Start the copy at the line containing "Műszempilla Szett Kézzel" and run it through the last line of the records. Repeat each line exactly; omit pictures.
*** Opening of EXTRACTED MATERIAL ***
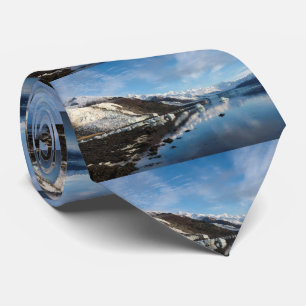 Icy College Fjord Tie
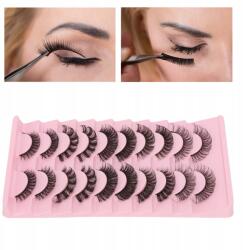  Műszempilla Szett Kézzel Készített DD Ív 10 Pár (1410220092211)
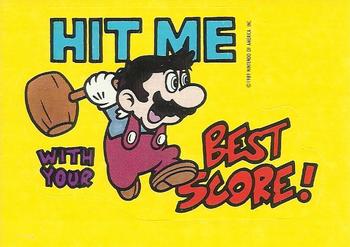 1989 O-Pee-Chee Nintendo #13 Hit Me with Your Best Score! Front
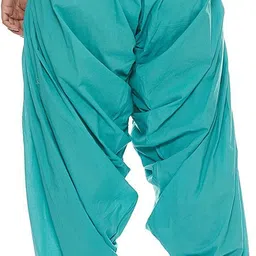 uganta Pure Cotton Solid Women ["Blue"] Salwar image 2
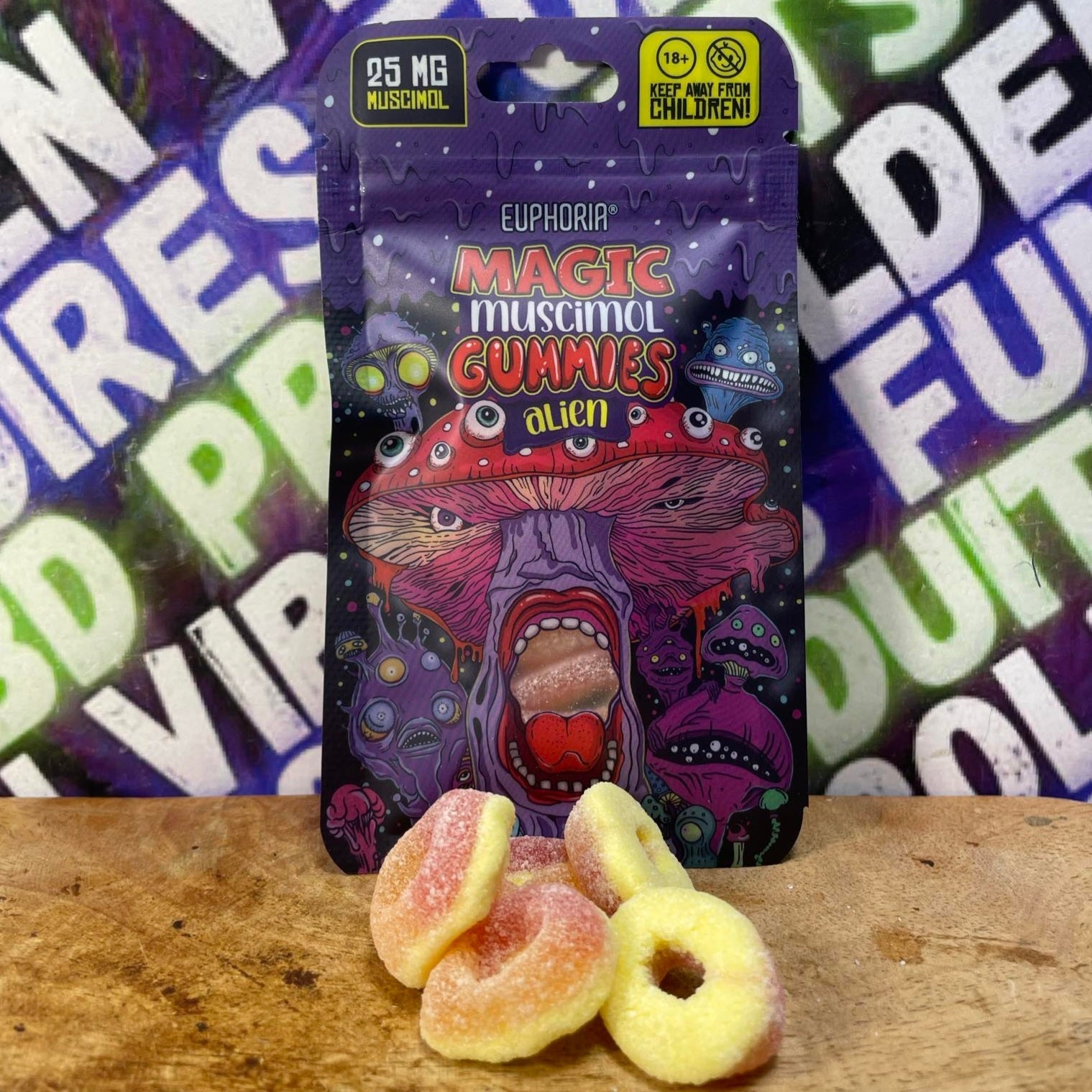 EUPHORIA MUSCIMOL GUMMIES ALIEN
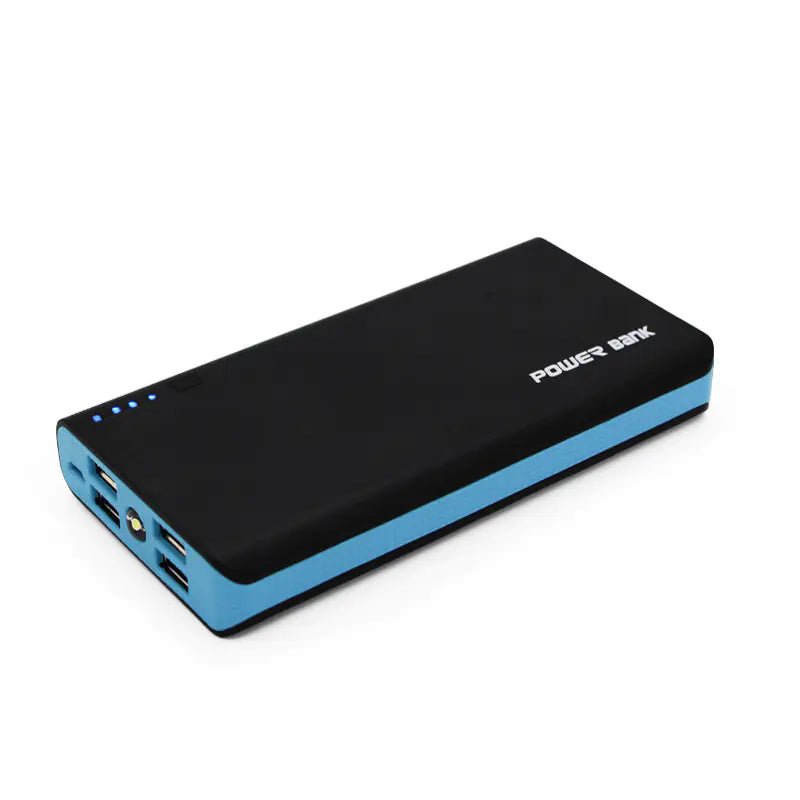 20000mAh High - Capacity Power Bank – 2.1A Fast Charging, Lightweight 275g, Compact (Red/Green/Blue/Orange) - Whimsical Shoppe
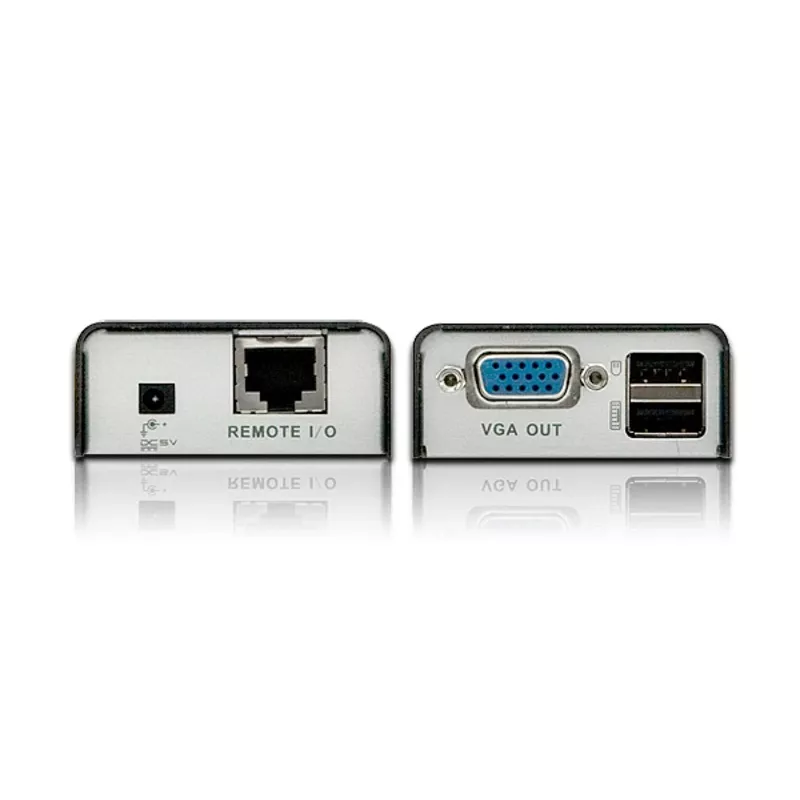 ATEN CE100 USB VGA KVM prailgintuvas 100 m, siųstuvas ir imtuvas, Cat5, 1920 x 1200 pikselių, juodas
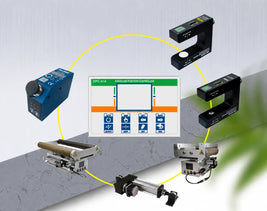 EPC-A18 servo web guiding system with ultrasonic sensor and 150mm stroke actuator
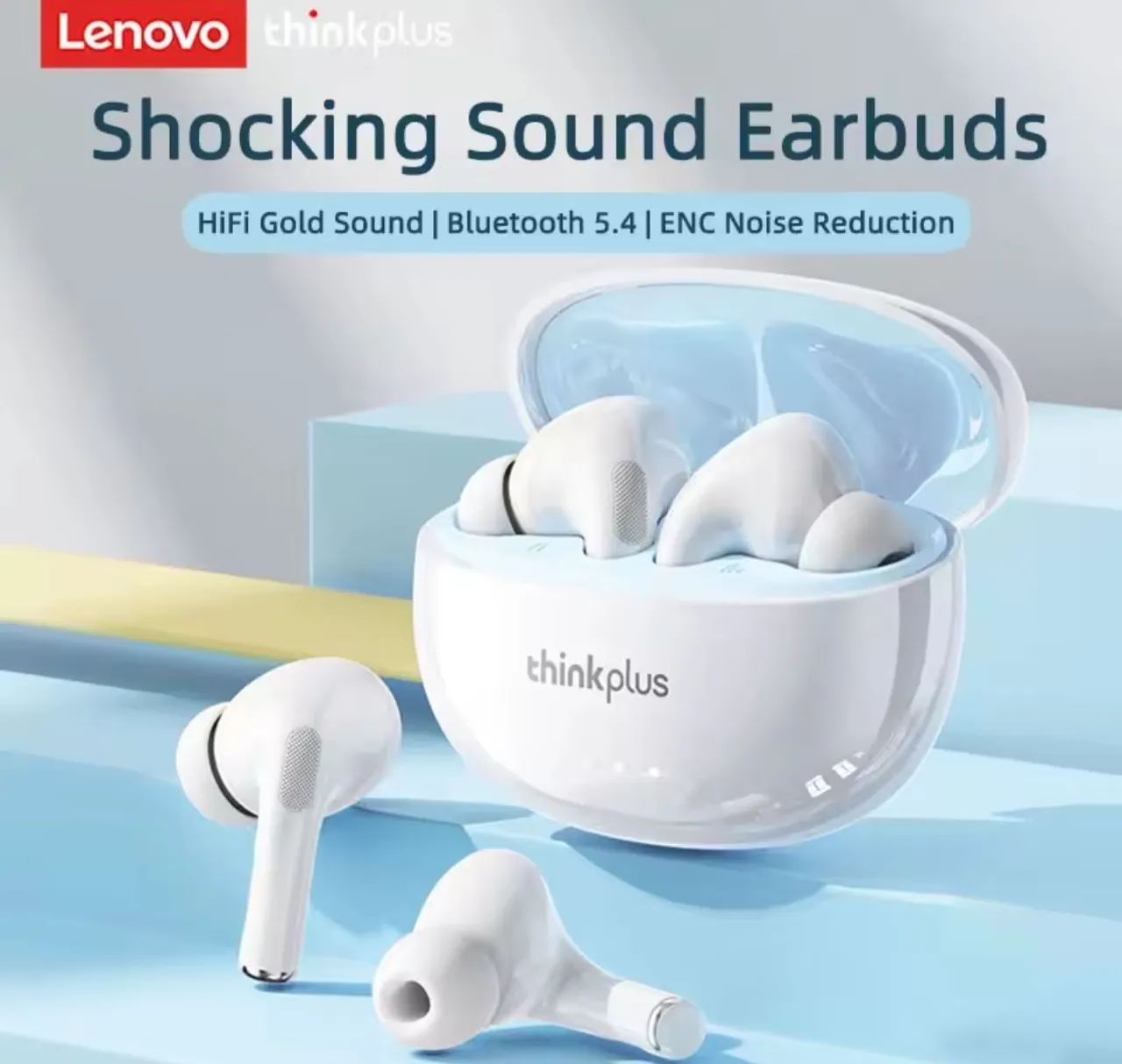 Fone Bluetooth Lenovo ThinkPlus LP5 TWS Hi-Fi Bluetooth 5.3/5.4 Com Microfone ENC - Foto 3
*** Close of EXTRACTED MATERIAL ***
§ **RESPONSE AREA**:
  Műszempilla Szett Kézzel Készített DD Ív 10 Pár (1410220092211)
 1989 O-Pee-Chee Nintendo #13 Hit Me with Your Best Score! Front
 uganta Pure Cotton Solid Women ["Blue"] Salwar image 2
 EUPHORIA MUSCIMOL GUMMIES ALIEN
 20000mAh High - Capacity Power Bank – 2.1A Fast Charging, Lightweight 275g, Compact (Red/Green/Blue/Orange) - Whimsical Shoppe
 ATEN CE100 USB VGA KVM prailgintuvas 100 m, siųstuvas ir imtuvas, Cat5, 1920 x 1200 pikselių, juodas
 EPC-A18 servo web guiding system with ultrasonic sensor and 150mm stroke actuator
 Fone Bluetooth Lenovo ThinkPlus LP5 TWS Hi-Fi Bluetooth 5.3/5.4 Com Microfone ENC - Foto 3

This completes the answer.